# Assignment
In the material below, find the line that contains "[PLANTIFIQUE Official Shop]" and the line that contains "Belted Sheath Midi", then write out exactly those two lines and everything between them.

# Records provided
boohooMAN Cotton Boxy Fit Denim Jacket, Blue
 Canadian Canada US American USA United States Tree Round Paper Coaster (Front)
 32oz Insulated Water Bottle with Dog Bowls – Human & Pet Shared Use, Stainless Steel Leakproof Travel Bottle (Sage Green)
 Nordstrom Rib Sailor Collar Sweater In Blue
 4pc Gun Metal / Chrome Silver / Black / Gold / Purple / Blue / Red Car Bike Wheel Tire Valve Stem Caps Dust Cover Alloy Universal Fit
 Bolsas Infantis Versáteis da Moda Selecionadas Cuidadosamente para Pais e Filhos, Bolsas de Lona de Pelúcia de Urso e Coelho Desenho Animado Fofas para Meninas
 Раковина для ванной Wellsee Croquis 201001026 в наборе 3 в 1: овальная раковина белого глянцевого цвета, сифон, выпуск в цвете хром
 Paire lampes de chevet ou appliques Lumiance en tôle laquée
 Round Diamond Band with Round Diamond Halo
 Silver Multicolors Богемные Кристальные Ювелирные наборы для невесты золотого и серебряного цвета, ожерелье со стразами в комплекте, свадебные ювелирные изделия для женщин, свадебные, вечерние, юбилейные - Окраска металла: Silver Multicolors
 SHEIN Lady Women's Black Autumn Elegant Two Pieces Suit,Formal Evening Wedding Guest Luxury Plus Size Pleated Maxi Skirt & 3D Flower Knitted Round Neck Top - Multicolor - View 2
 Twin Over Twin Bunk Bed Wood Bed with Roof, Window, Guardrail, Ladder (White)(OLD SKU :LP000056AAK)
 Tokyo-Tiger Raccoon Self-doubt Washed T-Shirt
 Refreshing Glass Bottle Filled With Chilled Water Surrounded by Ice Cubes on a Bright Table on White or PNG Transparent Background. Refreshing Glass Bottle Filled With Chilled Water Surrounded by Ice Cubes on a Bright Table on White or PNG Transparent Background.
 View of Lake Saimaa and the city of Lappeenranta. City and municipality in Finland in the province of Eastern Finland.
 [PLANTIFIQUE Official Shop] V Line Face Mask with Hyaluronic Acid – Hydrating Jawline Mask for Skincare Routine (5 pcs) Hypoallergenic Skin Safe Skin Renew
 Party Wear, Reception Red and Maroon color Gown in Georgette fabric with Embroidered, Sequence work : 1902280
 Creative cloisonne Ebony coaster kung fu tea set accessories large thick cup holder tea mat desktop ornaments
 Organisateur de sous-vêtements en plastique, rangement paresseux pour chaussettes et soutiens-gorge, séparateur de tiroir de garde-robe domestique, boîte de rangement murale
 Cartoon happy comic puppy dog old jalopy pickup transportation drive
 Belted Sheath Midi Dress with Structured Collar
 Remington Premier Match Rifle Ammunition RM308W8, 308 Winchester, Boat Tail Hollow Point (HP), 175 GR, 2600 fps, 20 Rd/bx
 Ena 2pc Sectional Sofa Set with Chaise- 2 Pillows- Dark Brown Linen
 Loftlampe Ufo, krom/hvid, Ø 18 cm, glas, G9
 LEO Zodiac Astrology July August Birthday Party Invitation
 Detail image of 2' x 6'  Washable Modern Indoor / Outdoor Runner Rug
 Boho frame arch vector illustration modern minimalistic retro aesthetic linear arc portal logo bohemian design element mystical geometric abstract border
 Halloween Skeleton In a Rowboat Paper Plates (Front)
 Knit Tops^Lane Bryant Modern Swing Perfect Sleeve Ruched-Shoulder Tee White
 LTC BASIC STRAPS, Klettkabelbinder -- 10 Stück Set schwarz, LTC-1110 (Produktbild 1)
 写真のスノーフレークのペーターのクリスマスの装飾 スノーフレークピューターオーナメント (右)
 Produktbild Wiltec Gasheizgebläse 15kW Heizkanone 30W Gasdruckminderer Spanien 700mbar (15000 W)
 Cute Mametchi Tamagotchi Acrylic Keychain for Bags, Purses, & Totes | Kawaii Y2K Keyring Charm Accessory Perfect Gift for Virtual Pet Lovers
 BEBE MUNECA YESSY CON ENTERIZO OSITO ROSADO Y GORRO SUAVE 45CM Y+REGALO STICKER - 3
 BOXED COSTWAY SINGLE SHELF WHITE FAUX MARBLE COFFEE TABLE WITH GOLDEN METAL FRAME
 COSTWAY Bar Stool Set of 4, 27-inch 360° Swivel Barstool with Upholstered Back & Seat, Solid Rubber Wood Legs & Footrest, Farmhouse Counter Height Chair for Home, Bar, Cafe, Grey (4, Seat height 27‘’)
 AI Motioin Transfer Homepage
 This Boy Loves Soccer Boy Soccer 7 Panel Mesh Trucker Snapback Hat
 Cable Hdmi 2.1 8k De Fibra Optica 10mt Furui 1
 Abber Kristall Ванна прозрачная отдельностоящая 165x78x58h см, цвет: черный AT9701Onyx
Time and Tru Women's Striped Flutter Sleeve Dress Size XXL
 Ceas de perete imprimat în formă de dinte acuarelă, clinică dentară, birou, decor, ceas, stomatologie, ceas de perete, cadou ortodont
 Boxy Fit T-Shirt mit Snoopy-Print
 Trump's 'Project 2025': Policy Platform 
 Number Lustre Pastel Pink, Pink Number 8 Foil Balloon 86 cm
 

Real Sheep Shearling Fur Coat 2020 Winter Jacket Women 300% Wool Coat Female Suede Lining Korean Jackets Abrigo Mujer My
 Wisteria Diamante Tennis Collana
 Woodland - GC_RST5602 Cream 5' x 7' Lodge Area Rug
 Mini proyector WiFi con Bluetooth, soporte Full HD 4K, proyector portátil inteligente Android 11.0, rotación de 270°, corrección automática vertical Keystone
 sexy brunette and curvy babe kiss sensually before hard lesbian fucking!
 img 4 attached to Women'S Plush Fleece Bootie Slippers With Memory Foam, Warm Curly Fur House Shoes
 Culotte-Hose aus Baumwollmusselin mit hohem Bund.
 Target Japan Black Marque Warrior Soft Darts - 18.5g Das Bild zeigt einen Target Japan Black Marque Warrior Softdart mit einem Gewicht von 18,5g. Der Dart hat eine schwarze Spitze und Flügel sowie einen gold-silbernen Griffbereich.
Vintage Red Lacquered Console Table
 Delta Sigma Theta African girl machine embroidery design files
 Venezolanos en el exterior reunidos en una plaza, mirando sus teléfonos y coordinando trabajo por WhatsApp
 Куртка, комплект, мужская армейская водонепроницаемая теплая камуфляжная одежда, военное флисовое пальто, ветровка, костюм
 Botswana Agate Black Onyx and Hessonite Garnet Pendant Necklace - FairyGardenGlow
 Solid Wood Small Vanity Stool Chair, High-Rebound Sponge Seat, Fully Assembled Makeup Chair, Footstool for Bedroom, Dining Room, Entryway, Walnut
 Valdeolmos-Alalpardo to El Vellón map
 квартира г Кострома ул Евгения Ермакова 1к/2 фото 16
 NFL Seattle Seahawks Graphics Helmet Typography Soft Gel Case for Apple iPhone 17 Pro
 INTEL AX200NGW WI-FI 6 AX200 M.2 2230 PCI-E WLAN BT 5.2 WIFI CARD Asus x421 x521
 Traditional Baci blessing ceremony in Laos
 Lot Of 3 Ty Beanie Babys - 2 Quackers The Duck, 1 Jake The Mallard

# Response area
 [PLANTIFIQUE Official Shop] V Line Face Mask with Hyaluronic Acid – Hydrating Jawline Mask for Skincare Routine (5 pcs) Hypoallergenic Skin Safe Skin Renew
 Party Wear, Reception Red and Maroon color Gown in Georgette fabric with Embroidered, Sequence work : 1902280
 Creative cloisonne Ebony coaster kung fu tea set accessories large thick cup holder tea mat desktop ornaments
 Organisateur de sous-vêtements en plastique, rangement paresseux pour chaussettes et soutiens-gorge, séparateur de tiroir de garde-robe domestique, boîte de rangement murale
 Cartoon happy comic puppy dog old jalopy pickup transportation drive
 Belted Sheath Midi Dress with Structured Collar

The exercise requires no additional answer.